Why A Continuing Resolution Is The Best Way To Propel Trump’s Agenda Right Now

A bona fide opposition movement has grasped the reins in Washington. Since he was sworn in, rather than sitting atop or expanding the vast federal bureaucracy like his Republican predecessors, President Donald Trump has wielded his executive authority to cut, curb, and convert the woke and weaponized administrative state into a constrained and constitutional government. And he’s just getting started.
Enter Congress. President Trump pressing the reset button on the administrative state has already done more to move America in the right direction than anything else we’ve seen in recent memory, but executive orders giveth and executive orders taketh away. The empire will strike back unless Congress takes steps to make Trump’s reforms permanent. That starts with passing a simple continuing resolution (CR) before the March 14 funding deadline.
Asking Congress to pass a CR is unusual, especially as a conservative concerned about the government’s spending problem. Our nation is suffering under a mountain of debt after decades of reckless spending. CRs have been a key ingredient in the establishment recipe, allowing Congress to bypass the annual appropriations process and instead leverage the threat of government shutdowns into Christmas Eve omnibus bills filled with waste and expensive giveaways to special interests.
At first glance, a CR may seem extra disappointing and irresponsible in this case. After all, we are talking about continuing the fiscal year 2024 spending levels established under the Biden-Harris administration. The CR would automatically appropriate funds for agencies like the United States Agency for International Development (USAID), which Trump already DOGE-d.
But these are unusual times. The normal rules of policy and politics don’t apply.
First, and most importantly, President Trump is in charge. With Russ Vought confirmed as director of the Office of Management and Budget, Elon Musk leading the Department of Government Efficiency, and other trustworthy allies in every agency, Congress can appropriate whatever it wants; this administration is going to use every constitutional authority and legal avenue afforded it to ensure the law is faithfully executed. It’s the political equivalent of asking the bank to raise your credit limit and then handing your card over to Dave Ramsey.

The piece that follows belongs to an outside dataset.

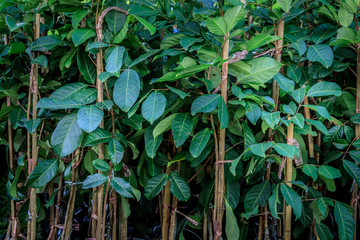 Litschibaum in Asien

Whether through reprogramming authorities, a rescission package, or impoundment, the White House is ready to ensure its efforts to gut the woke and weaponized deep state are durable and lasting. Impoundment authority is, of course, a long-lost authority of the president to fulfill his constitutional obligation to “take care that the laws be faithfully executed” by not spending Americans’ money if he doesn’t believe it necessary or proper. While I believe the powers of impoundment are expansive, there will inevitably be court challenges to the usages of impoundment authority in the post-Impoundment Control Act era that may reach the Supreme Court.

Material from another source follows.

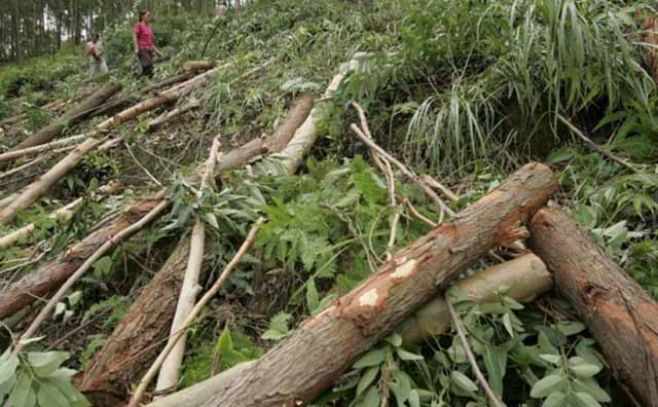 El tráfico de drogas contribuye a la deforestación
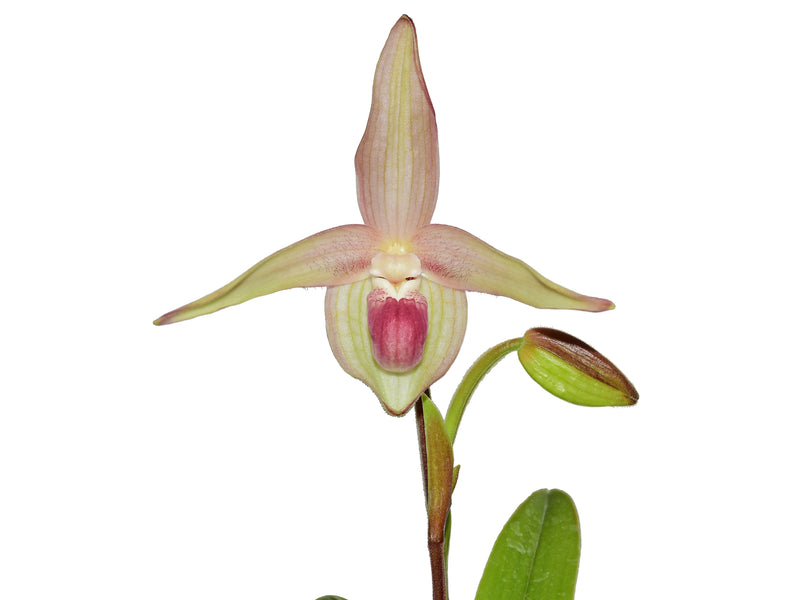 Phragmipedium Gerardo Guachisaca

Second, the only realistic alternatives to a “clean” CR are a CR-plus or omnibus appropriations package. Either option could only be passed with Democrat support, which means they would be loaded up with expensive nonsense, including bailouts for California without any policy reforms, military aid to Ukraine, and more. At a minimum, the “clean” CR is the least bad conservative option.
Third, Congress must move past the March 14 funding deadline to focus on reconciliation. Once the House passes a budget resolution, which it did on Feb. 25, a reconciliation process can move forward that will include money for border security and immigration law enforcement, extension of the 2017 Trump tax cuts, new tax policies such as no taxes on tips, deregulatory changes to unleash domestic oil and natural gas production, and much more.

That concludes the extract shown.